Perhaps if we had Three Waters 20 years ago, the country’s cliff-top subsidence and lack of flooding and roading infrastructure would not be such a shambles. Bruce Tubb, Devonport.
As a residential developer in Auckland, I cannot stress how accurate this is. the Auckland Unitary Plan is a well-thought-out plan for developing the city. It took into account years of analysis and input to decide the best way forward to develop Auckland. The new housing law destroyed the ability to develop in a sensible way. Please repeal the National-Labour law. And let’s develop sensibly. The AUP already allows for more than enough new housing. Jeffrey M.
It’s not the centralised power that the National Party liked but the disbanding of local councils’ ability to block progress. By the time both Nats and Labour are on the same page you know it’s past overdue. Rose W.

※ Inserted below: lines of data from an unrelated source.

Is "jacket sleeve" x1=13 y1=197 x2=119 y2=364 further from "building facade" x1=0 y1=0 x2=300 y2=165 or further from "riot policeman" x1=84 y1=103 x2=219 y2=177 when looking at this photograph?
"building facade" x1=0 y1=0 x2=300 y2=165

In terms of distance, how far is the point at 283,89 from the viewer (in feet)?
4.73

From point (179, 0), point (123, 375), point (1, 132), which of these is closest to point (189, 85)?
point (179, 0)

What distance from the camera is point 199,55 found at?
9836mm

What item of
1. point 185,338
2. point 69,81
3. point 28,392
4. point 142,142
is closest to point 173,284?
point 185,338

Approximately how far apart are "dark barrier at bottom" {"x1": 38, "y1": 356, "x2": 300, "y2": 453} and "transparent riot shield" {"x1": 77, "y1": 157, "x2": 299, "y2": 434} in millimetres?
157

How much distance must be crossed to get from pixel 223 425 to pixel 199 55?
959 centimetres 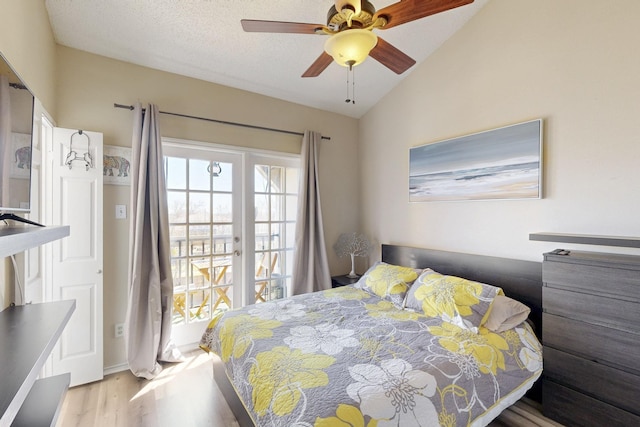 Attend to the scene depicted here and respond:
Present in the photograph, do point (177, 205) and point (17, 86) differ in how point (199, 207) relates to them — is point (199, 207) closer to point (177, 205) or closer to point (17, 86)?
point (177, 205)

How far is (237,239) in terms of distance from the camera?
3.16 meters

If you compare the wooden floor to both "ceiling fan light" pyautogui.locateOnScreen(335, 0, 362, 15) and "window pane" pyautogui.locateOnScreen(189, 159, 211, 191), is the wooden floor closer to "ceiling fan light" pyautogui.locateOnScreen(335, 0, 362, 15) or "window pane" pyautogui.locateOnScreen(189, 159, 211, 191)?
"window pane" pyautogui.locateOnScreen(189, 159, 211, 191)

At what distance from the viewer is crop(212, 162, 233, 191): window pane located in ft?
10.0

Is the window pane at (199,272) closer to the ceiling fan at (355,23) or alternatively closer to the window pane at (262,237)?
the window pane at (262,237)

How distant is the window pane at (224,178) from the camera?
10.0 feet

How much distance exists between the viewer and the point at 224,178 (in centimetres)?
310

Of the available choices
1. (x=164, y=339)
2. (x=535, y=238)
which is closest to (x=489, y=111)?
(x=535, y=238)

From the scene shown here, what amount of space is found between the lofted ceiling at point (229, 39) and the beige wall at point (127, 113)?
4.2 inches

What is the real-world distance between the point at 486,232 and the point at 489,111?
41.5 inches

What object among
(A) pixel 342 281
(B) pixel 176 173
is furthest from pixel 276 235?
(B) pixel 176 173

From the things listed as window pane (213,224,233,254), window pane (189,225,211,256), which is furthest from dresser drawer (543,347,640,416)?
window pane (189,225,211,256)

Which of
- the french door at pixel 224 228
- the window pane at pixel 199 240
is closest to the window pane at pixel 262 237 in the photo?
the french door at pixel 224 228

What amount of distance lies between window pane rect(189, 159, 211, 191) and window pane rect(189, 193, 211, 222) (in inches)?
3.1

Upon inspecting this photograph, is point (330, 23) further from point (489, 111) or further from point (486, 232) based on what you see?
point (486, 232) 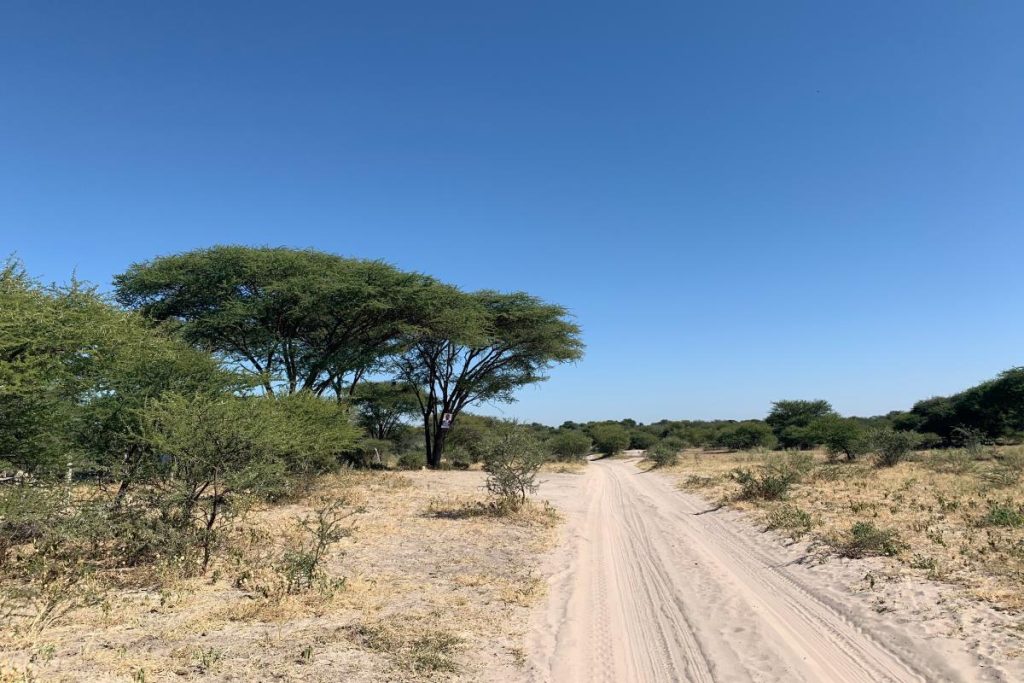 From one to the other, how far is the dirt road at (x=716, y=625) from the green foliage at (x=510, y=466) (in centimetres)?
353

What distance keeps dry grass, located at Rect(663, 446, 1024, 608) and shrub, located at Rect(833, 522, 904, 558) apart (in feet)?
0.06

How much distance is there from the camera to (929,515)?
1160 cm

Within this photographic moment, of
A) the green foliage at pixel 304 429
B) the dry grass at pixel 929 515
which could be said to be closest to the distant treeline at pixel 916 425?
the dry grass at pixel 929 515

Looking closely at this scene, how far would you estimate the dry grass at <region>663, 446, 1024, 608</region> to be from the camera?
7.76m

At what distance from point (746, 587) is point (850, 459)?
80.5 ft

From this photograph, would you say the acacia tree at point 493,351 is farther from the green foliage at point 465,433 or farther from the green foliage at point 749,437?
the green foliage at point 749,437

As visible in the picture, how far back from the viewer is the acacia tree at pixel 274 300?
22094 millimetres

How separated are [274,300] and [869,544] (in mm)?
21018

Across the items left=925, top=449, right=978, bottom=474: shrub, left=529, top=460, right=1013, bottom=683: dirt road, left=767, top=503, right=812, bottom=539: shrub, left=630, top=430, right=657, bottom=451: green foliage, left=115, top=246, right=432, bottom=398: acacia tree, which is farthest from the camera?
left=630, top=430, right=657, bottom=451: green foliage

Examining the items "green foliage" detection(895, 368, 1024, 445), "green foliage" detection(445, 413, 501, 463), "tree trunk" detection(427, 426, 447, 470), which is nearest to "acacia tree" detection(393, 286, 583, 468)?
"tree trunk" detection(427, 426, 447, 470)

Where is our infrastructure? Brisbane is the same size population-wise as Auckland and once both [cities] had a bridge and one tunnel. We still have one bridge and one tunnel. They have at least six bridges, six tunnels and growing. They are also by a river and their aspirational plans, their speed and their commitment to growth is mind-blowing. We need to be a complete mindset change and unfortunately, that will not come without a change of Government. Mark C.
In my little street, there have been about 10 homes pulled down and at least three three-storey houses being built on each site with no thought to infrastructure upgrade or even parking issues. We’ve had terrible flooding in this storm so I hate to think what is going to happen when more intensification goes on. Catherine M.
Wellington also. Every time I see those houses perched on steep hillsides, with no proper geotechnical engineering, I shake my head that anyone ever buys them - or that banks will lend against such patently risky collateral. Marcus A.